The Untold Story of a Crippling Ransomware Attack

It was a Sunday morning in mid-October 2020 when Rob Miller first heard there was a problem. Databases and computer systems at Hackney Council in east London were suffering from outages. At the time, the UK was heading into its deadly second wave of the coronavirus pandemic, with millions living under lockdown restrictions and normal life severely disrupted. But for Miller, strategic director of the public authority, things were going to get much worse. “By lunchtime, it was obvious it was more than technical stuff,” Miller says.

Two days later, leaders of Hackney Council, which is one of London’s 32 local authorities and responsible for the lives of more than 250,000 people, revealed it had been hit by a cyberattack. Hackers had deployed ransomware that severely crippled its systems, limiting the council’s ability to care for people who depend on it. The Pysa ransomware gang later claimed responsibility for the attack and, weeks later, claimed to release data it had stolen from the council.

Today, more than two years later, the Hackney Council is still grappling with the colossal consequences of the ransomware attack. For about a year, many municipal services were not available. Crucial municipal systems, including housing benefit payments and social care services, were not functioning properly. Although its services are operational again, some parts of the council still do not function as they did before the attack.

A WIRED analysis of dozens of council meetings, minutes and documents reveals the extent of the disruption the ransomware has caused to the council and, more importantly, to the thousands of people it serves. People’s health, housing conditions and finances have suffered as a result of the criminal group’s insidious attack. The Hackney attack stands out not only for its severity, but also for the time it took the organization to recover and help those in need.

Ransom demands

You can think of local governments as complex machines. They are made up of thousands of people who run hundreds of services that touch almost every aspect of a person’s life. Most of this work goes unnoticed until something goes wrong. For Hackney, the ransomware attack crippled the machine.

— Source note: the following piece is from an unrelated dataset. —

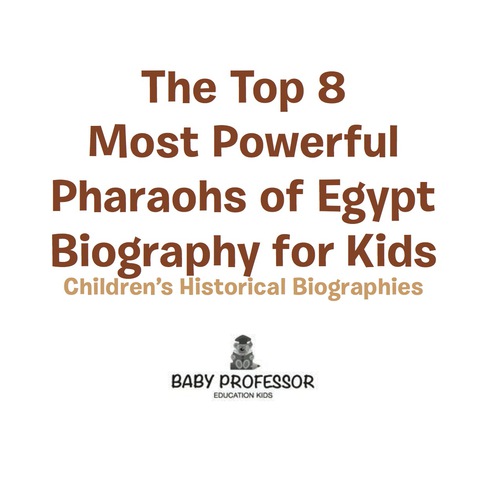 Cover image for book The Top 8 Most Powerful Pharaohs of Egypt - Biography for Kids | Children's Historical Biographies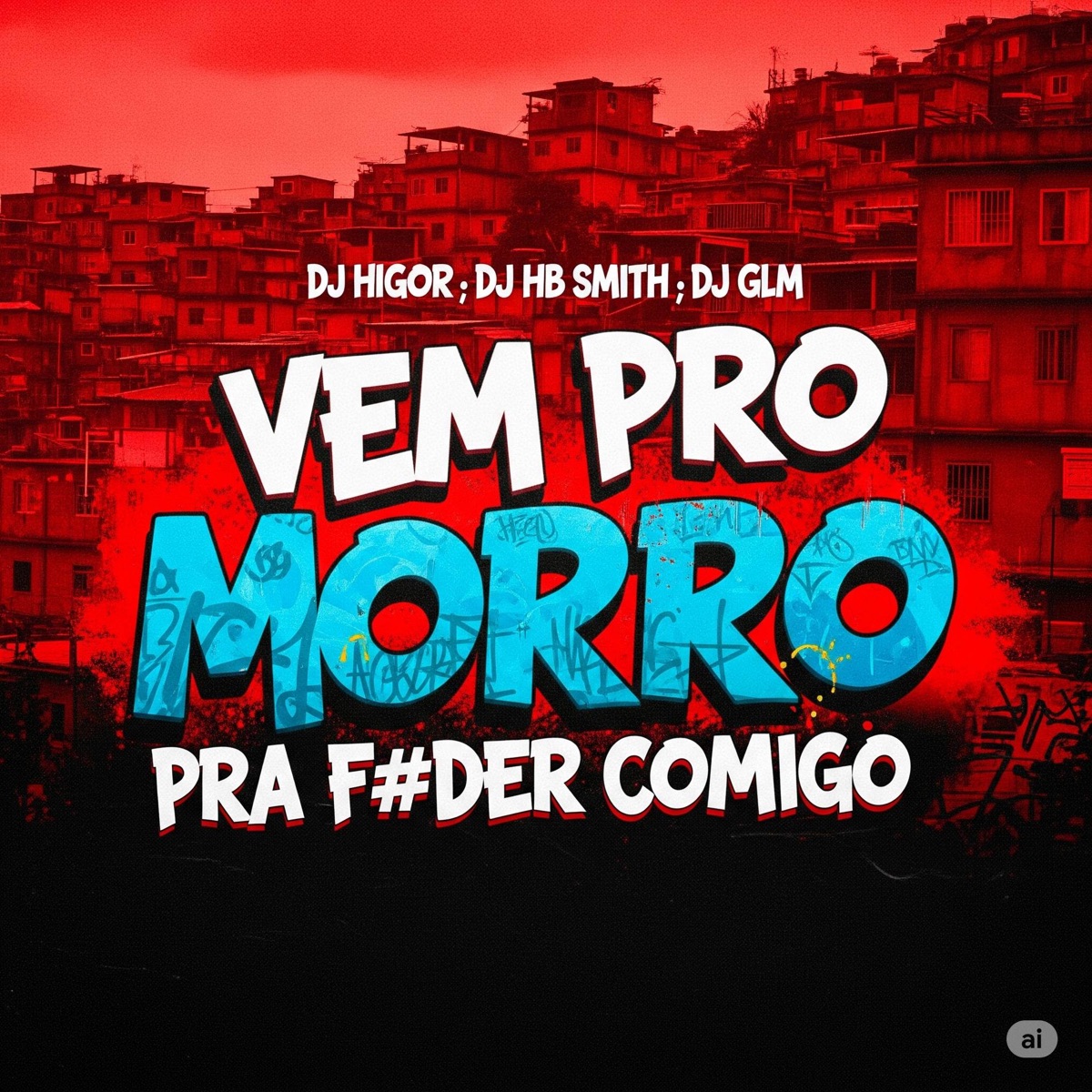 VEM PRO MORRO PRA FUDER COMIGO - Single by DJ HIGOR, DJ Glm & Dj Hb Smith album cover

Among the hundreds of services provided by Hackney Council are social care and childcare, waste collection, payment of benefits to people in need of financial support and public housing. Many of these services are managed using in-house technical systems and services. In many ways, these can be considered critical infrastructure, making Hackney Council similar to hospitals or energy providers.

“Attacks against public sector organisations, such as local councils, schools or universities, are quite powerful,” says Jamie MacColl, cybersecurity and threat researcher at think tank RUSI, which studies the societal impact of cybersecurity threats. ransomware. “It’s not like energy grids failing or water supplies being interrupted…but these are things that are crucial to day-to-day existence.”

All systems hosted on Hackney’s servers were affected, Miller told advisers at a public meeting assessing the ransomware attack in 2022. Social care, housing allowance, council tax, tariffs professionals and housing services have been among the hardest hit. Databases and records were not accessible – the council did not pay any ransom demands. “Most of our data and our IT systems that created that data were unavailable, which really had a devastating impact on the services we were able to provide, but also on the work we do,” said Lisa Stidle, data and insights. director of the Hackney Council, said at a council re-establishment conference last year.